Stored data:
··········
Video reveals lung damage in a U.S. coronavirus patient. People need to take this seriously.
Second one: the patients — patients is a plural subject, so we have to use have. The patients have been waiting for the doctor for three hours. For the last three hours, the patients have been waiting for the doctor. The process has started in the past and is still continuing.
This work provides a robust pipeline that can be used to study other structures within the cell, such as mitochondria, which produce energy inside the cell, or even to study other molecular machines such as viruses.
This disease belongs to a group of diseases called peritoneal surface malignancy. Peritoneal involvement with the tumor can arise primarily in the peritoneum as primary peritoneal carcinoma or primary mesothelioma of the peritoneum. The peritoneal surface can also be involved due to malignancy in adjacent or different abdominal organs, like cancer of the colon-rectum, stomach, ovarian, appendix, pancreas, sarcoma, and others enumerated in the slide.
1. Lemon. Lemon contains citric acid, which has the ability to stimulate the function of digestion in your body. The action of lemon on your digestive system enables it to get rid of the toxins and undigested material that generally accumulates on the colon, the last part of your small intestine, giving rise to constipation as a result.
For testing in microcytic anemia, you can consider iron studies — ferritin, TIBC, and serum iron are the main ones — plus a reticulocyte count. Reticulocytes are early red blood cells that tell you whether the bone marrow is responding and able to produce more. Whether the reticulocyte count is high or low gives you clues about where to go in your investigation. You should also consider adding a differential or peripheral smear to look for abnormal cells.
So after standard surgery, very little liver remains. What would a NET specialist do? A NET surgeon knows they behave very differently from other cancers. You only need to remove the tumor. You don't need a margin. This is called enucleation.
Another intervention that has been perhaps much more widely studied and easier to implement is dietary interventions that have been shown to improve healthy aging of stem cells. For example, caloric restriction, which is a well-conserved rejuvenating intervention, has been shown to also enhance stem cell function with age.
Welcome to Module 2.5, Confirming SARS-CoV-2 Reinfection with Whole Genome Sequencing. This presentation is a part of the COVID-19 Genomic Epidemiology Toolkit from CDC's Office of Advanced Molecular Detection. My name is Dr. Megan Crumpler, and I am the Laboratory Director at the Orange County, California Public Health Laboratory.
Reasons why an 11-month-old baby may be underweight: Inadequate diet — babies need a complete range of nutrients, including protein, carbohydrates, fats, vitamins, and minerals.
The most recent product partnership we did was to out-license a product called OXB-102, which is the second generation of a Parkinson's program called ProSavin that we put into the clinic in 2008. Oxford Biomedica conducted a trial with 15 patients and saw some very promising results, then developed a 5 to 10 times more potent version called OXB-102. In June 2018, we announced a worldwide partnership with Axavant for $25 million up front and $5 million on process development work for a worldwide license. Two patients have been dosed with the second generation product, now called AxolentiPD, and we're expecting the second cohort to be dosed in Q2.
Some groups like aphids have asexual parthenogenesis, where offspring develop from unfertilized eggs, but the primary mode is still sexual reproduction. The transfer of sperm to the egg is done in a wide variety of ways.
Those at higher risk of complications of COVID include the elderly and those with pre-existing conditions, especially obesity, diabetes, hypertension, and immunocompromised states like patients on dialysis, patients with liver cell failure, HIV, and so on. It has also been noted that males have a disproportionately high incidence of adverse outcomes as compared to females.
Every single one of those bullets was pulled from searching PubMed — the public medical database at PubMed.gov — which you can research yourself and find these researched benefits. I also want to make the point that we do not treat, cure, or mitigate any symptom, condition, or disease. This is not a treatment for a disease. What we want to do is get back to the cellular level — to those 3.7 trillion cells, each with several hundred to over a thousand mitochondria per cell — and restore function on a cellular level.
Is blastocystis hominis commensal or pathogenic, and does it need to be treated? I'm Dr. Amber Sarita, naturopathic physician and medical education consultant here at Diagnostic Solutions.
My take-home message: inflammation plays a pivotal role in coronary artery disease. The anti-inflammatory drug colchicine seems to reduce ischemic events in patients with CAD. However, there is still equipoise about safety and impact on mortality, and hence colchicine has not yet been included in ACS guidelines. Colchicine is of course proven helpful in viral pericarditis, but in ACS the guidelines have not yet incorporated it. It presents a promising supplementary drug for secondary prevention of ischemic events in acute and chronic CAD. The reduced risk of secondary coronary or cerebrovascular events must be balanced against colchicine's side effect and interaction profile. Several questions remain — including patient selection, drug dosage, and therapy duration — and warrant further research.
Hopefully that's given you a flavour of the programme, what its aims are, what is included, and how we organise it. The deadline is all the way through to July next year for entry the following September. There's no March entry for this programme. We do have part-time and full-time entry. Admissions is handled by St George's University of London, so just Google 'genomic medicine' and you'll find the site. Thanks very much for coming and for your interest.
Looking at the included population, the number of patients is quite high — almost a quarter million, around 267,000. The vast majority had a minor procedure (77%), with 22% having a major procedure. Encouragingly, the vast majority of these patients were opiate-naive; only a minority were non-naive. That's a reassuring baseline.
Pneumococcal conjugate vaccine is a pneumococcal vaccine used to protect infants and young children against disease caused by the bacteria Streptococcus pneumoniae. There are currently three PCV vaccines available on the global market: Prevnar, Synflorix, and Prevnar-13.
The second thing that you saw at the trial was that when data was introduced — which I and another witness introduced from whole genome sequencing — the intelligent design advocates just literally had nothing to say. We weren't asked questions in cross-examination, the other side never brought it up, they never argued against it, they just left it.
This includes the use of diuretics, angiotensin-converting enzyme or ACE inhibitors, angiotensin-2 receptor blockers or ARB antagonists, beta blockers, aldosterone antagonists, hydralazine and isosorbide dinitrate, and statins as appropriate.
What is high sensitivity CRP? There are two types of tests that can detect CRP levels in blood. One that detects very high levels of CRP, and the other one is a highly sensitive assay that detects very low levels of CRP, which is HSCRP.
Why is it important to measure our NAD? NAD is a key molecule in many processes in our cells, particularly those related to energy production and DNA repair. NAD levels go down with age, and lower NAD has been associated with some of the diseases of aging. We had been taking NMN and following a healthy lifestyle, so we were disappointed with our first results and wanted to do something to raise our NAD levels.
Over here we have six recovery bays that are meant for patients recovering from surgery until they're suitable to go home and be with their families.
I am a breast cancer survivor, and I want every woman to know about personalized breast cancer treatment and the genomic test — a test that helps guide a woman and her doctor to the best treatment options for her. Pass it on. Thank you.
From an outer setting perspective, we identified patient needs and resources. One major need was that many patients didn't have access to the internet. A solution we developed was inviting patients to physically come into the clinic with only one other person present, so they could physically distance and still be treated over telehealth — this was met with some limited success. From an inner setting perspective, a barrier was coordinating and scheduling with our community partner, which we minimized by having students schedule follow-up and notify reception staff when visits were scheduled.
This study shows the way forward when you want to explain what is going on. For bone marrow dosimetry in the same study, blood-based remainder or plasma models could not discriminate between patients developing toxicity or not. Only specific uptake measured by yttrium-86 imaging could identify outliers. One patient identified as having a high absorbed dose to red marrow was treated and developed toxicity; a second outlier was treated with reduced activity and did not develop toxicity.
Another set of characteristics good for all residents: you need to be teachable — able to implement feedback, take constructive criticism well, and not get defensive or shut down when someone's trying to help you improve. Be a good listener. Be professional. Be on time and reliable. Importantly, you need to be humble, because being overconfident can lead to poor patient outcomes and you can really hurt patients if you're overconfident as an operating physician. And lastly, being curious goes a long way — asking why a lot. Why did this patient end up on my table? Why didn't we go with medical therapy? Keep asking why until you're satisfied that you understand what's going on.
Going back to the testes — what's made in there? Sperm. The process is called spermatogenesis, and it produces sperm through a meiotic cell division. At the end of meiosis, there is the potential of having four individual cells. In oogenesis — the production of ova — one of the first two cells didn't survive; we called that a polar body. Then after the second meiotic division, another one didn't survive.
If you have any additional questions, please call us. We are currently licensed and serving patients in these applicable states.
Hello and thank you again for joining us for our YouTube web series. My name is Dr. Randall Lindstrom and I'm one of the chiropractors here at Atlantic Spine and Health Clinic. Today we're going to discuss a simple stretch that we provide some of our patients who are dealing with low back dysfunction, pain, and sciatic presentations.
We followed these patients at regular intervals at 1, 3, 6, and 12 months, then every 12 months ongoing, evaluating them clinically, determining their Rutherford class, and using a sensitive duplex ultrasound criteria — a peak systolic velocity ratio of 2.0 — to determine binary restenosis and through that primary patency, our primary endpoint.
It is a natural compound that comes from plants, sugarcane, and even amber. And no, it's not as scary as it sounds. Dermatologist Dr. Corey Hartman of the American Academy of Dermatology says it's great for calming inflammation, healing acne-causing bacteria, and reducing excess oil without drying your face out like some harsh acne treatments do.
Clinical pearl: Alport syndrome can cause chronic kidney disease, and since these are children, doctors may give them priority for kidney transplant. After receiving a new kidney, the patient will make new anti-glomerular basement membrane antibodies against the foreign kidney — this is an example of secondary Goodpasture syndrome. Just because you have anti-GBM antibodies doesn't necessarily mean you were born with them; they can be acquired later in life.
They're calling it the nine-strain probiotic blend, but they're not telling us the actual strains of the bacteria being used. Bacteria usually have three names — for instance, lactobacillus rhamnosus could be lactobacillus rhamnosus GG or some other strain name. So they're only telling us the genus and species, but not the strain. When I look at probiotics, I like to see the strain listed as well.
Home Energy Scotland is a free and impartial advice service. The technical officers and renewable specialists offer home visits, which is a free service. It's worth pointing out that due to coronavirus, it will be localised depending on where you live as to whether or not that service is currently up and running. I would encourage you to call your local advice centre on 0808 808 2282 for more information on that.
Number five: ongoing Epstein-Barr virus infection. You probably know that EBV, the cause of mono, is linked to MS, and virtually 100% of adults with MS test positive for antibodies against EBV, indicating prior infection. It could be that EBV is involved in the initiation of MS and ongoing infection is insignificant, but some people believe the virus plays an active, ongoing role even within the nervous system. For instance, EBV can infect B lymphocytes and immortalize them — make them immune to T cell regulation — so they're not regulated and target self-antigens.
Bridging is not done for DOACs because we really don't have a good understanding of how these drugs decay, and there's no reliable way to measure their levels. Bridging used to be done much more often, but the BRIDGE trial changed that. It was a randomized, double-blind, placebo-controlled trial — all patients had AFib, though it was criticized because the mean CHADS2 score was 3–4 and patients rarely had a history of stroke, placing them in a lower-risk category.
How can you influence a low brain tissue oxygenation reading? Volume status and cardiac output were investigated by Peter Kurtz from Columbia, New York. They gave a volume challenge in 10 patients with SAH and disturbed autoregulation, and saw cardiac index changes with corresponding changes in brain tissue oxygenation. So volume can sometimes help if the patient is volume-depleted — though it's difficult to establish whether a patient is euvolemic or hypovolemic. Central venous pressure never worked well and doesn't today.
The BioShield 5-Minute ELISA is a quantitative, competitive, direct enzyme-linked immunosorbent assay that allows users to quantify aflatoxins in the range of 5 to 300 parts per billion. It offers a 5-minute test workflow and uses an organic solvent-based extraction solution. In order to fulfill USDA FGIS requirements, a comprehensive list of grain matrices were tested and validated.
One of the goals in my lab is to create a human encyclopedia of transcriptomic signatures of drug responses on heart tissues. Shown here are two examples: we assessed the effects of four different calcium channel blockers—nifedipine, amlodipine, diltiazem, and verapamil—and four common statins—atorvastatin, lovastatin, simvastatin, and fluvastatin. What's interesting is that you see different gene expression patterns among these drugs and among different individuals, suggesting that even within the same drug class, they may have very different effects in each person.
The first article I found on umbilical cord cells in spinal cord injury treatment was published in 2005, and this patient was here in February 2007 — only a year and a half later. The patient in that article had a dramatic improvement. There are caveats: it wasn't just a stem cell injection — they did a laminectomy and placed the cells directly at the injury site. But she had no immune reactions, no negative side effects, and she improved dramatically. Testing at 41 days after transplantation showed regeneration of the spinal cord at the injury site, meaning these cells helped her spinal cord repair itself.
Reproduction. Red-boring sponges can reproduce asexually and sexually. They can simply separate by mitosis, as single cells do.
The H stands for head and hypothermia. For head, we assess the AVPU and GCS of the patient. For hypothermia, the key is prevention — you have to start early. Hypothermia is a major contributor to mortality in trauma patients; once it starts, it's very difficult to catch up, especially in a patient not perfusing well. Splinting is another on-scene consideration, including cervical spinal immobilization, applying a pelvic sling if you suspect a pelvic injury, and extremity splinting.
··········
_BRIEF_: In your answer, include only the lines above starting at the line that holds "If you have" and ending at the line that holds "Clinical pearl: Alport", copied exactly.

_SOLUTION FOR THIS TASK_:
If you have any additional questions, please call us. We are currently licensed and serving patients in these applicable states.
Hello and thank you again for joining us for our YouTube web series. My name is Dr. Randall Lindstrom and I'm one of the chiropractors here at Atlantic Spine and Health Clinic. Today we're going to discuss a simple stretch that we provide some of our patients who are dealing with low back dysfunction, pain, and sciatic presentations.
We followed these patients at regular intervals at 1, 3, 6, and 12 months, then every 12 months ongoing, evaluating them clinically, determining their Rutherford class, and using a sensitive duplex ultrasound criteria — a peak systolic velocity ratio of 2.0 — to determine binary restenosis and through that primary patency, our primary endpoint.
It is a natural compound that comes from plants, sugarcane, and even amber. And no, it's not as scary as it sounds. Dermatologist Dr. Corey Hartman of the American Academy of Dermatology says it's great for calming inflammation, healing acne-causing bacteria, and reducing excess oil without drying your face out like some harsh acne treatments do.
Clinical pearl: Alport syndrome can cause chronic kidney disease, and since these are children, doctors may give them priority for kidney transplant. After receiving a new kidney, the patient will make new anti-glomerular basement membrane antibodies against the foreign kidney — this is an example of secondary Goodpasture syndrome. Just because you have anti-GBM antibodies doesn't necessarily mean you were born with them; they can be acquired later in life.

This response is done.